Ballbesitzstatistik, Passquoten, Laufdistanz oder Heatmaps mit den Aufenthaltsorten der Spieler - heute vergeht kein professionelles Fußballspiel, bei dem das Geschehen nicht mit haufenweise Daten aufbereitet wird. Auch beim Spiel der deutschen Auswahl gegen England heute Abend werden diverse Statistiken wohl als Gütesiegel der jeweiligen Mannschaft herangezogen. Dabei ist aus Studien längst bekannt, dass diese einfachen Indikatoren kein Erfolgskriterium darstellen.

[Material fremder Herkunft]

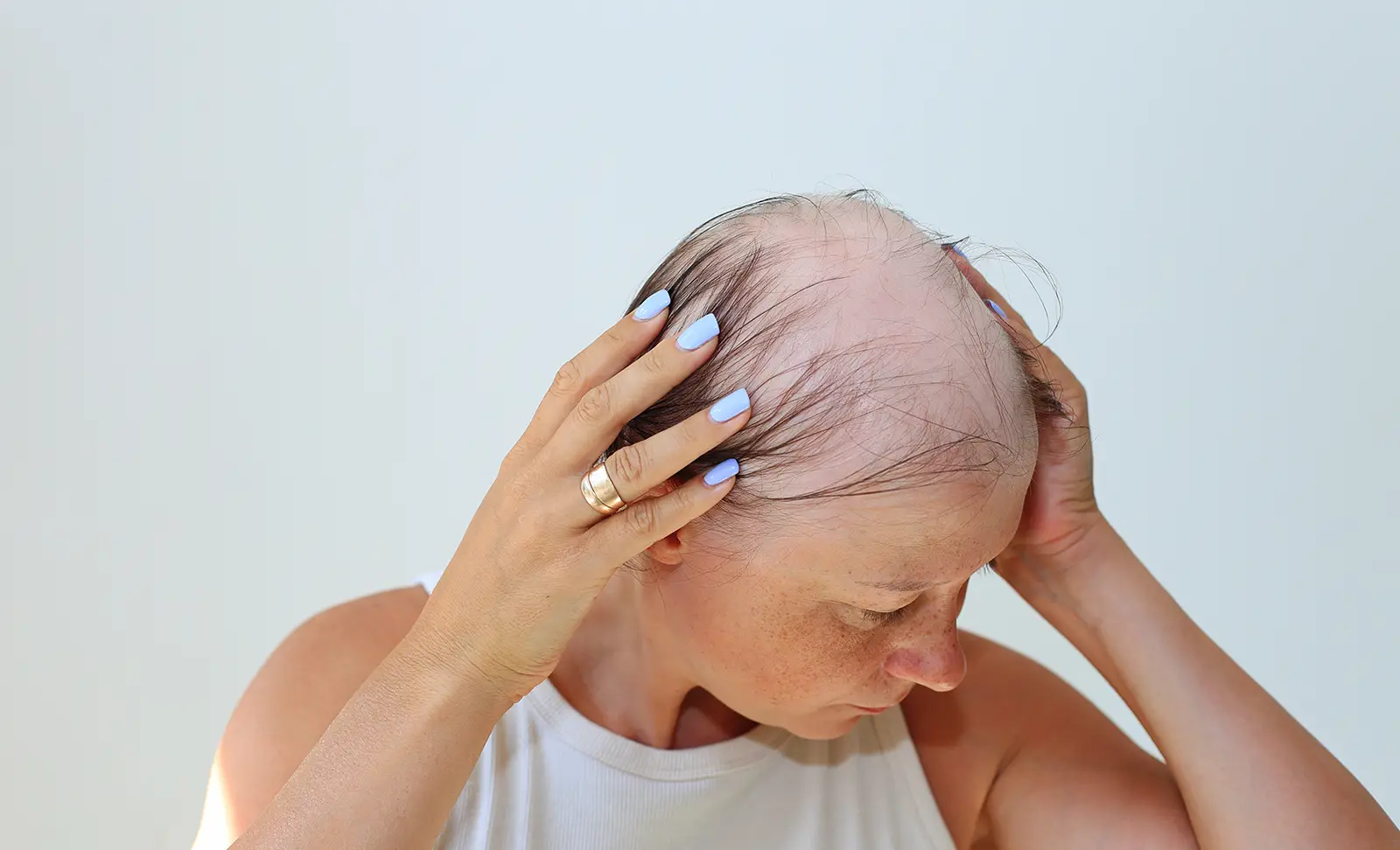Litfulo and Alopecia Treatment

Exemplarisch dafür steht das Champions-League-Spiel Celtic Glasgow gegen den FC Barcelona vom 7. November 2012. Barcelona dominierte die Partie scheinbar nach Belieben: 84 Prozent Ballbesitz, 25:5 Torschüsse, 955 Pässe und eine überragende Passquote von 91 Prozent. Celtic brachte es nur auf 166 Pässe und lieferte 38 Prozent Fehlpässe ab. Doch die Schotten gewannen 2:1 und der Anschlusstreffer von Barcelona fiel erst in der Nachspielzeit. Ähnlich war es beim WM-Halbfinale in Brasilien 2014: Die Gastgeber hatten die bessere Passquote, mehr Torschüsse und waren häufiger im Angriffsdrittel. Aber Deutschland gewann mit 7:1.

Natürlich ist es von Vorteil, wenn ein Spieler seine Pässe an den Mitspieler bringt. Aber es macht einen Unterschied, ob es sich dabei nur um kurzes Sicherheitsgeschiebe im Mittelfeld handelt, oder um riskante aber womöglich spielentscheidende Steilpässe in den Lauf der Stürmer. "Ähnlich verhält es sich mit der Ballbesitzquote", sagt Daniel Memmert vom Institut für Trainingswissenschaft und Sportinformatik an der Deutschen Sporthochschule Köln. "Diese sagt durchaus einiges über die Dominanz einer Mannschaft aus, aber selten etwas über ihre tatsächlichen Siegchancen."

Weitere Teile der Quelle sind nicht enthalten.